Een bekering tot het darwinisme
Judith Schalansky had met haar vierde roman De lessen van mevrouw Lohmark onverwacht veel succes in Duitsland. Het wordt tijd dat ook Nederland valt voor deze bijzondere roman over een biologielerares die niet in staat is haar eigen rigide regels na te leven.
Inge Lohmark kijkt allang niet meer om naar haar man Wolfgang die zich dag in dag uit bezighoudt met zijn struisvogels. Haar dochter Claudia woont in Amerika en heeft ze in geen jaren meer gezien. Haar collega’s zijn zwakkelingen die niet beseffen dat ze zich laten gebruiken door hun leerlingen. Inge laat het maar begaan dat haar leerling Ellen gepest wordt, want zwakkere soortgenoten blijven nu eenmaal altijd zwak. ‘Wie de hopeloze gevallen wijsmaakte dat ze erbij hoorden, moest niet verbaasd staan kijken als ze vroeg of laat met staafbommen en lichte vuurwapens de school kwamen binnenlopen om wraak te nemen voor alles wat hun jarenlang was beloofd en telkens weer onthouden.’
Erika
Ondertussen is het leven van Lohmark leeg en troosteloos. Met behulp van haar ‘biologistische’ houding kan ze echter alles verklaren en relativeren, waardoor ze zich niet bewust hoeft te zijn van haar eigen ongeluk. De meest aangepaste wezens zijn het beste af en de minst aangepaste wezens delven het onderspit. Zo gaat dat nu eenmaal in de natuur. De mens is niet meer dan een soort die uiteindelijk ook weer uitsterft, waardoor er weer ruimte komt voor andere, nieuwe soorten. De enige persoon die haar niet onverschillig laat of waar ze geen hekel aan heeft is Erika, een leerling die haar fascineert. Je zou zelfs van verliefdheid kunnen spreken.
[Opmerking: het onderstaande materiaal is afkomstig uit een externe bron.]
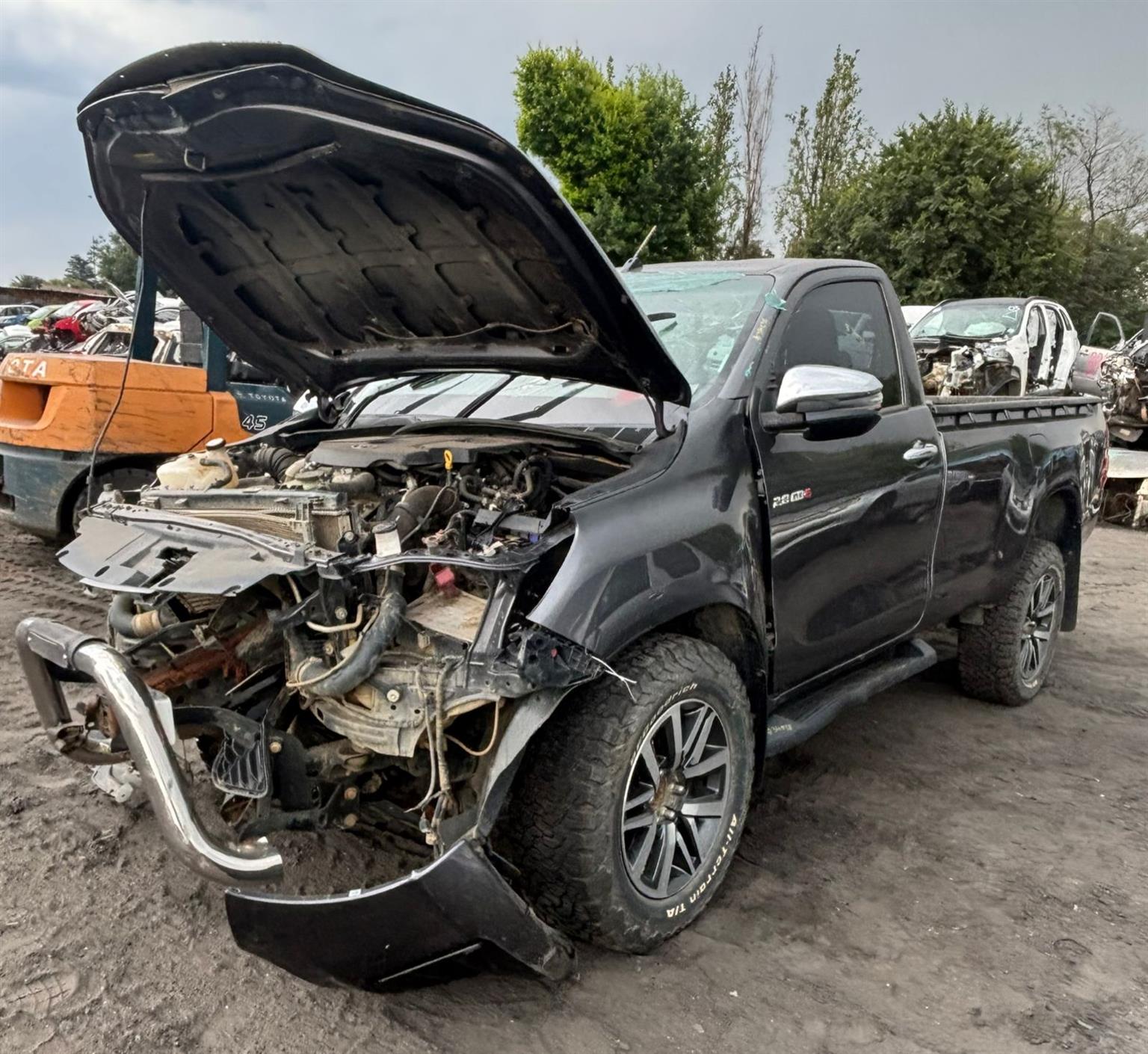2010 Toyota Hilux 2.8 GD6 #1GD (auto) Spares - Private Seller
Maar ‘verliefdheid’ komt natuurlijk niet voor in het woordenboek van Lohmark. We lezen de roman vanuit Lohmarks perspectief en dat betekent dat de zinnen kort, zakelijk en gespeend van emotie zijn. Toch merkt Lohmark wel op dat ze aan het veranderen is. Zo verbaast ze zichzelf wanneer ze de bus niet heeft genomen omdat Erika ook niet in de bus stapte: ‘Waar was haar instinct gebleven? Hoe was ze hier verzeild geraakt? Waar was de staart die ze nu kon afwerpen?’
Begrip en sympathie
Lohmark ziet de ontwikkeling die ze doormaakt als een zwakte en blijft vasthouden aan datgene wat ze in haar lessen predikt: ‘aanpassing is alles’. Ondertussen heeft ze niet in de gaten dat ze door haar ideologisering van het darwinisme zelf de minst aangepaste persoon is, in tegenstelling tot de ‘zwakkelingen’ die ze veracht. Dit gegeven zal uiteindelijk consequenties hebben, maar of ze ooit in staat is om zelf tot een dergelijk inzicht te komen is de vraag.
Het moge duidelijk zijn dat Lohmark met haar afwijkende visie op de wereld niet makkelijk te begrijpen valt, laat staan dat het makkelijk is voor de lezer om sympathie te voelen voor Lohmark. Toch weet Schalansky zowel begrip als sympathie te bewerkstelligen door de lezer op overtuigende wijze mee te voeren in de gedachtewereld van Lohmark. Dit komt vooral door de directe, zakelijke stijl waarin het boek geschreven is, maar ook door de wijze waarop het boek is opgebouwd.
De roman is ingedeeld als biologieboek en bestaat uit drie grote hoofdstukken: Ecosystemen, Erfelijkheid en Afstammingsleer. Bovendien heeft Schalansky het verhaal zelf geïllustreerd met afbeeldingen die in ieder lesboek voor biologie thuishoren (de dubbele helix, het erfelijkheidsmodel). De lessen van mevrouw Lohmark is hierdoor veel meer dan een boeiend verhaal. Het is een beleving waar je in meegezogen wordt, met het risico dat je na het lezen van de roman bekeerd bent tot het darwinisme.